Exercise: An exact transcription is needed of the lines below from the one with "2012 Ford Mustang" through the one with "beetroot-and-carrot-juice-served-in-small-glass-bottles", with no other lines and no pictures.

Material for this exercise:
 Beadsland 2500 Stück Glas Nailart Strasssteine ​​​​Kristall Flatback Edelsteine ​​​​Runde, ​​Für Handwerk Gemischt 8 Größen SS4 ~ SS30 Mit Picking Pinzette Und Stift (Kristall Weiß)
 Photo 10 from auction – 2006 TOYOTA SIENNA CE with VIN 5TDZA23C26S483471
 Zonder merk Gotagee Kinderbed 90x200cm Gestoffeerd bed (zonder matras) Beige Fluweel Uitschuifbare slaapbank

==

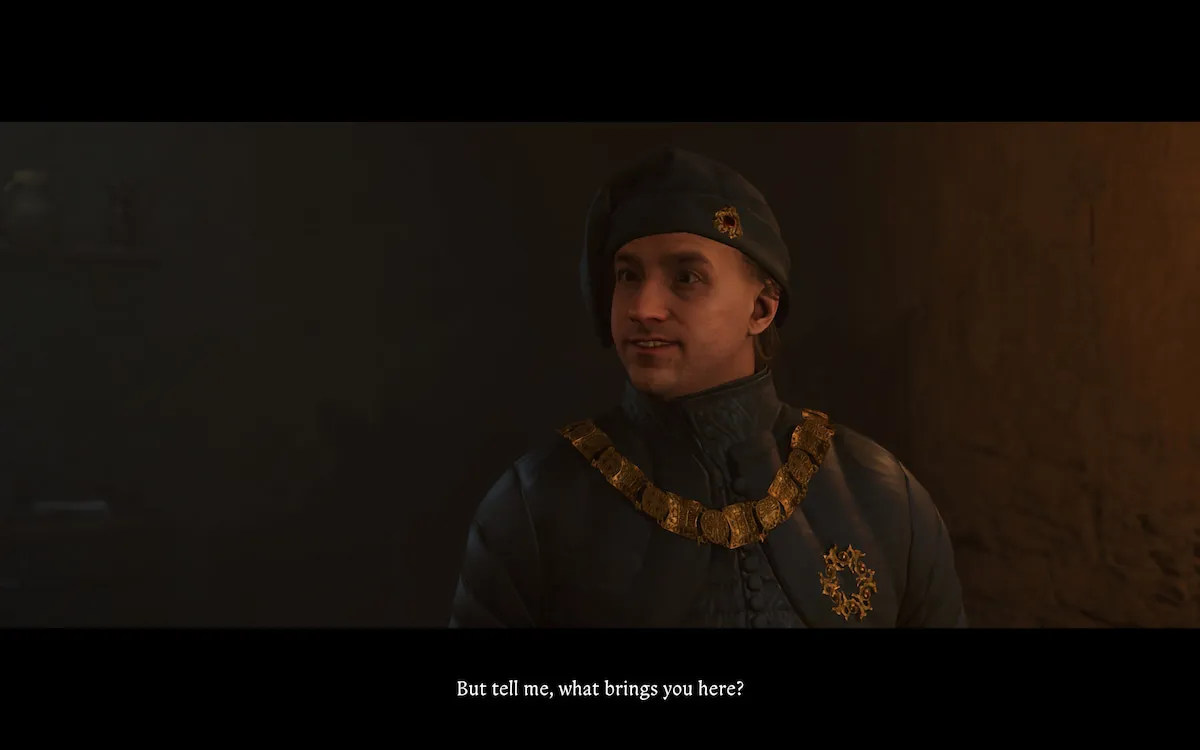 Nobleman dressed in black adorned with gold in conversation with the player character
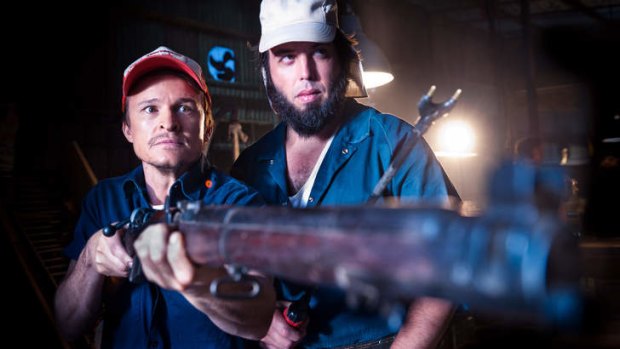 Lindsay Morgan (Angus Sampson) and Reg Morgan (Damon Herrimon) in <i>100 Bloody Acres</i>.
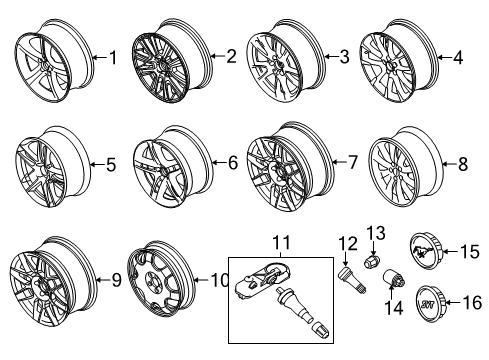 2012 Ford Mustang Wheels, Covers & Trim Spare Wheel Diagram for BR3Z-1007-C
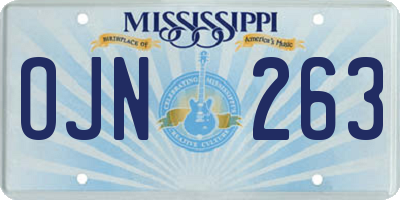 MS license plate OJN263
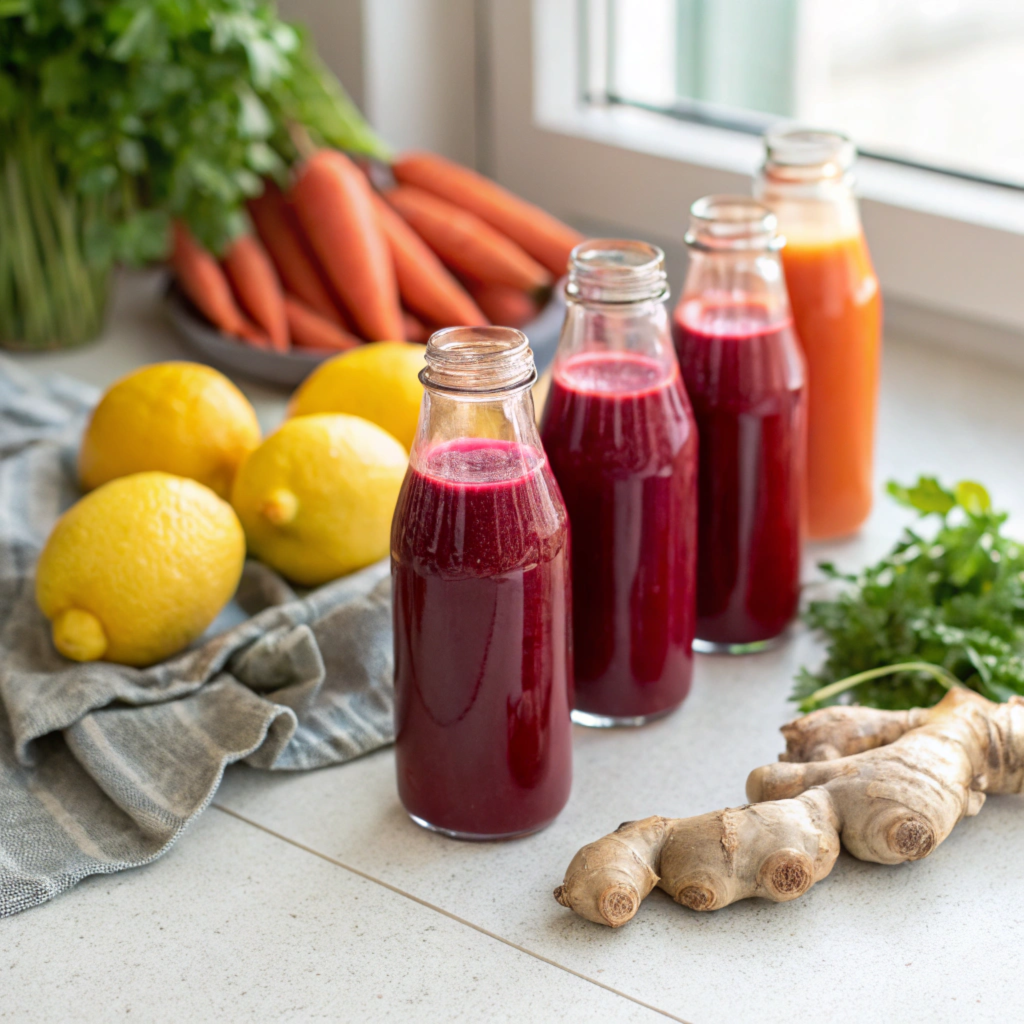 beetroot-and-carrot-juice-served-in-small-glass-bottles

Written solution:
 2012 Ford Mustang Wheels, Covers & Trim Spare Wheel Diagram for BR3Z-1007-C
 MS license plate OJN263
 beetroot-and-carrot-juice-served-in-small-glass-bottles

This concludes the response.